Items from a dataset:
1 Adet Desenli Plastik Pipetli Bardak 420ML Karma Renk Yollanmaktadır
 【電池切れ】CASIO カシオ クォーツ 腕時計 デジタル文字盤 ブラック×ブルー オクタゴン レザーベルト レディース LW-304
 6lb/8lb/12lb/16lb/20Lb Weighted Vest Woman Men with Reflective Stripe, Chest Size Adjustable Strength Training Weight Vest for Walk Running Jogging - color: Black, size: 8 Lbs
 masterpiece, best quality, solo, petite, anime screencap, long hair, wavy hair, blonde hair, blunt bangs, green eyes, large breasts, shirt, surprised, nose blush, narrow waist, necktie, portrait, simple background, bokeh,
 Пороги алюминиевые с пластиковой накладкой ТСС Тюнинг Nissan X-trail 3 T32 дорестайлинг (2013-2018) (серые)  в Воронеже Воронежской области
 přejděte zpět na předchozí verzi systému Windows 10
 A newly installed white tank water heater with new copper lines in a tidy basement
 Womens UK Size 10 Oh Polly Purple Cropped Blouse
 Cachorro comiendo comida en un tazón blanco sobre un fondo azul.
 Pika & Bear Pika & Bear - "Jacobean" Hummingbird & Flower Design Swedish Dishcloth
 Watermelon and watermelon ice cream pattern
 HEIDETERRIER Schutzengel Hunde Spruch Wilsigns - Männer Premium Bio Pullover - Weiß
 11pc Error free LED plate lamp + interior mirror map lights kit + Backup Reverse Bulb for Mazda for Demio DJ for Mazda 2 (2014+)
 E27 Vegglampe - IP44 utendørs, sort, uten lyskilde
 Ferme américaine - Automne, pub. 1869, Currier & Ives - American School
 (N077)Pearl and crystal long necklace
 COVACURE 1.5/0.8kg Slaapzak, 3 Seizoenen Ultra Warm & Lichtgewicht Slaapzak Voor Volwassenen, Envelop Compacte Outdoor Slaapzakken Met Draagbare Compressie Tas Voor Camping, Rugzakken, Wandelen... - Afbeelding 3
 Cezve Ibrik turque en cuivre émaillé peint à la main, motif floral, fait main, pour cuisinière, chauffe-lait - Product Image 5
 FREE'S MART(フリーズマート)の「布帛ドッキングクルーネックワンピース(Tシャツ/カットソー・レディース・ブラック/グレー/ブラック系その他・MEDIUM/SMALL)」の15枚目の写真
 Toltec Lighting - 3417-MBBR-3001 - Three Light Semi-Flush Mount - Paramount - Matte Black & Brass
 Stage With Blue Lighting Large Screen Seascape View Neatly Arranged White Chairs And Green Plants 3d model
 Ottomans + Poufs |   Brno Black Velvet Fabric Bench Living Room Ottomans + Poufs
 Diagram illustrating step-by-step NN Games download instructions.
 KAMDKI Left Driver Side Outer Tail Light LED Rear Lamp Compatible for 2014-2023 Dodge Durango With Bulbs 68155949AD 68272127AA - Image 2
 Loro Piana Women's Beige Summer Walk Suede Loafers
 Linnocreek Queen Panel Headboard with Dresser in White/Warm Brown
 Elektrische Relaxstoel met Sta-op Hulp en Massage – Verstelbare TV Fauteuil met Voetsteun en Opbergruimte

Work instruction: Every entry must be duplicated exactly as it stands.

Solution to this exercise:
1 Adet Desenli Plastik Pipetli Bardak 420ML Karma Renk Yollanmaktadır
 【電池切れ】CASIO カシオ クォーツ 腕時計 デジタル文字盤 ブラック×ブルー オクタゴン レザーベルト レディース LW-304
 6lb/8lb/12lb/16lb/20Lb Weighted Vest Woman Men with Reflective Stripe, Chest Size Adjustable Strength Training Weight Vest for Walk Running Jogging - color: Black, size: 8 Lbs
 masterpiece, best quality, solo, petite, anime screencap, long hair, wavy hair, blonde hair, blunt bangs, green eyes, large breasts, shirt, surprised, nose blush, narrow waist, necktie, portrait, simple background, bokeh,
 Пороги алюминиевые с пластиковой накладкой ТСС Тюнинг Nissan X-trail 3 T32 дорестайлинг (2013-2018) (серые)  в Воронеже Воронежской области
 přejděte zpět na předchozí verzi systému Windows 10
 A newly installed white tank water heater with new copper lines in a tidy basement
 Womens UK Size 10 Oh Polly Purple Cropped Blouse
 Cachorro comiendo comida en un tazón blanco sobre un fondo azul.
 Pika & Bear Pika & Bear - "Jacobean" Hummingbird & Flower Design Swedish Dishcloth
 Watermelon and watermelon ice cream pattern
 HEIDETERRIER Schutzengel Hunde Spruch Wilsigns - Männer Premium Bio Pullover - Weiß
 11pc Error free LED plate lamp + interior mirror map lights kit + Backup Reverse Bulb for Mazda for Demio DJ for Mazda 2 (2014+)
 E27 Vegglampe - IP44 utendørs, sort, uten lyskilde
 Ferme américaine - Automne, pub. 1869, Currier & Ives - American School
 (N077)Pearl and crystal long necklace
 COVACURE 1.5/0.8kg Slaapzak, 3 Seizoenen Ultra Warm & Lichtgewicht Slaapzak Voor Volwassenen, Envelop Compacte Outdoor Slaapzakken Met Draagbare Compressie Tas Voor Camping, Rugzakken, Wandelen... - Afbeelding 3
 Cezve Ibrik turque en cuivre émaillé peint à la main, motif floral, fait main, pour cuisinière, chauffe-lait - Product Image 5
 FREE'S MART(フリーズマート)の「布帛ドッキングクルーネックワンピース(Tシャツ/カットソー・レディース・ブラック/グレー/ブラック系その他・MEDIUM/SMALL)」の15枚目の写真
 Toltec Lighting - 3417-MBBR-3001 - Three Light Semi-Flush Mount - Paramount - Matte Black & Brass
 Stage With Blue Lighting Large Screen Seascape View Neatly Arranged White Chairs And Green Plants 3d model
 Ottomans + Poufs |   Brno Black Velvet Fabric Bench Living Room Ottomans + Poufs
 Diagram illustrating step-by-step NN Games download instructions.
 KAMDKI Left Driver Side Outer Tail Light LED Rear Lamp Compatible for 2014-2023 Dodge Durango With Bulbs 68155949AD 68272127AA - Image 2
 Loro Piana Women's Beige Summer Walk Suede Loafers
 Linnocreek Queen Panel Headboard with Dresser in White/Warm Brown
 Elektrische Relaxstoel met Sta-op Hulp en Massage – Verstelbare TV Fauteuil met Voetsteun en Opbergruimte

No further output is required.